### DATA SECTION
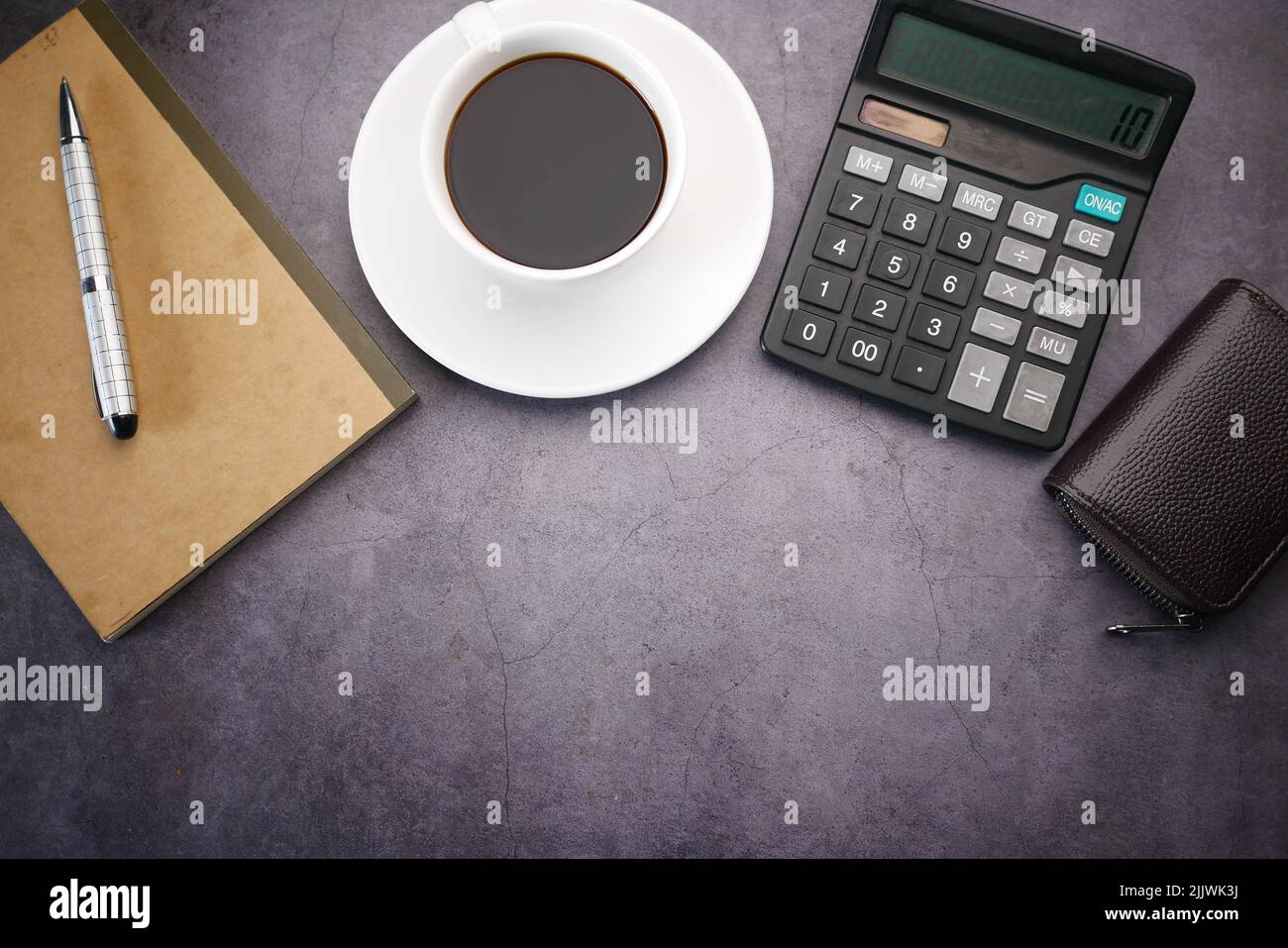 flat composition coffee, notepad and calculator on black background . Stock Photo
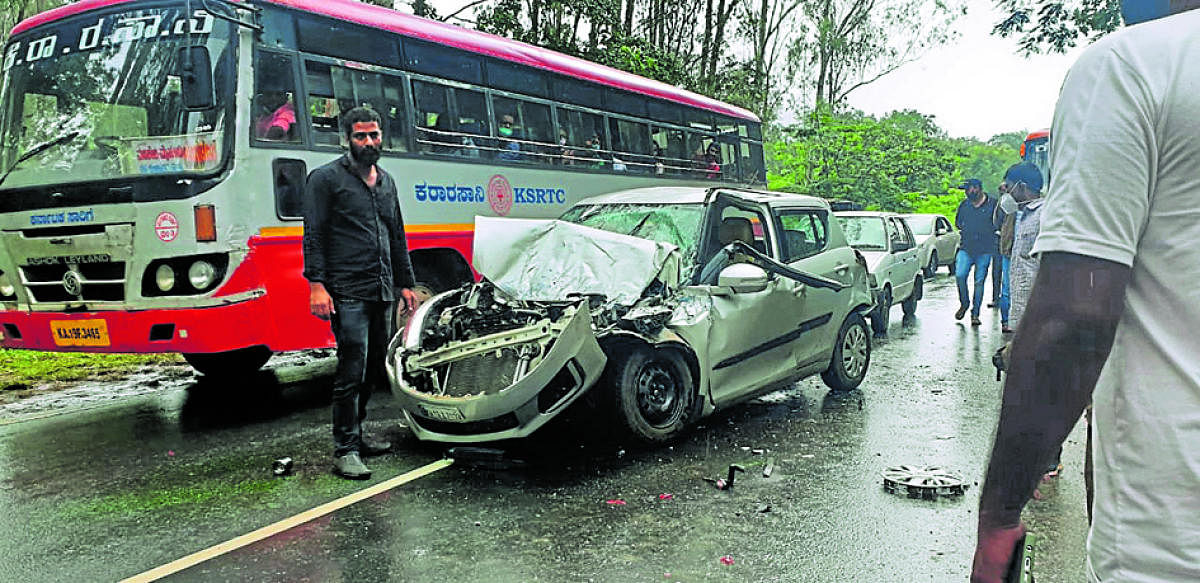 A car damaged in the accident on Anekadu National Highway.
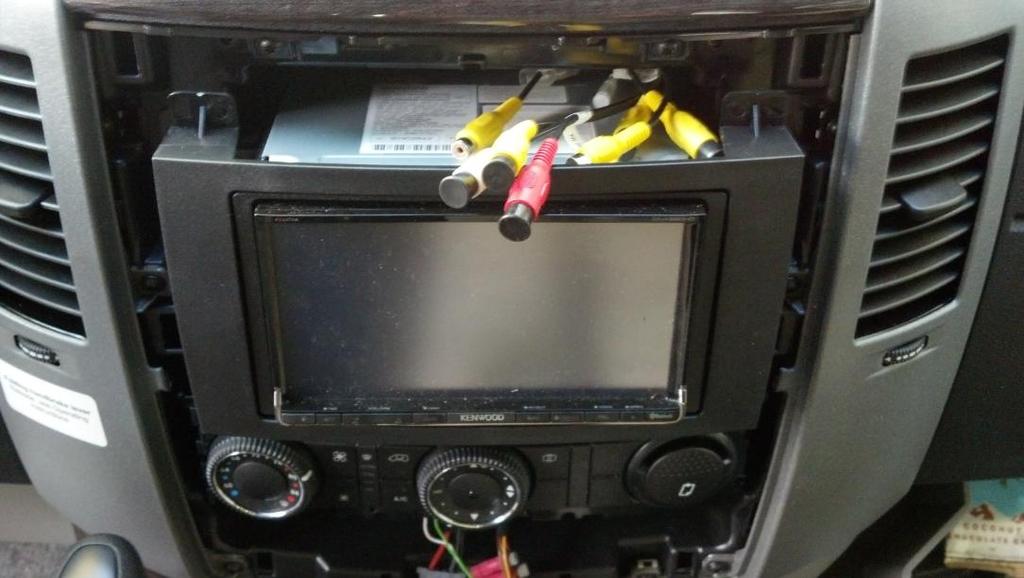 Now examine the wiring, you are looking for the video RCA type connector; they should be mark Rear Camera and Front Camera.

### HOW TO COMPLETE THIS TASK
Print every line above exactly. Leave the pictures out.

### EXERCISE RESPONSE
 flat composition coffee, notepad and calculator on black background . Stock Photo
 A car damaged in the accident on Anekadu National Highway.
 Now examine the wiring, you are looking for the video RCA type connector; they should be mark Rear Camera and Front Camera.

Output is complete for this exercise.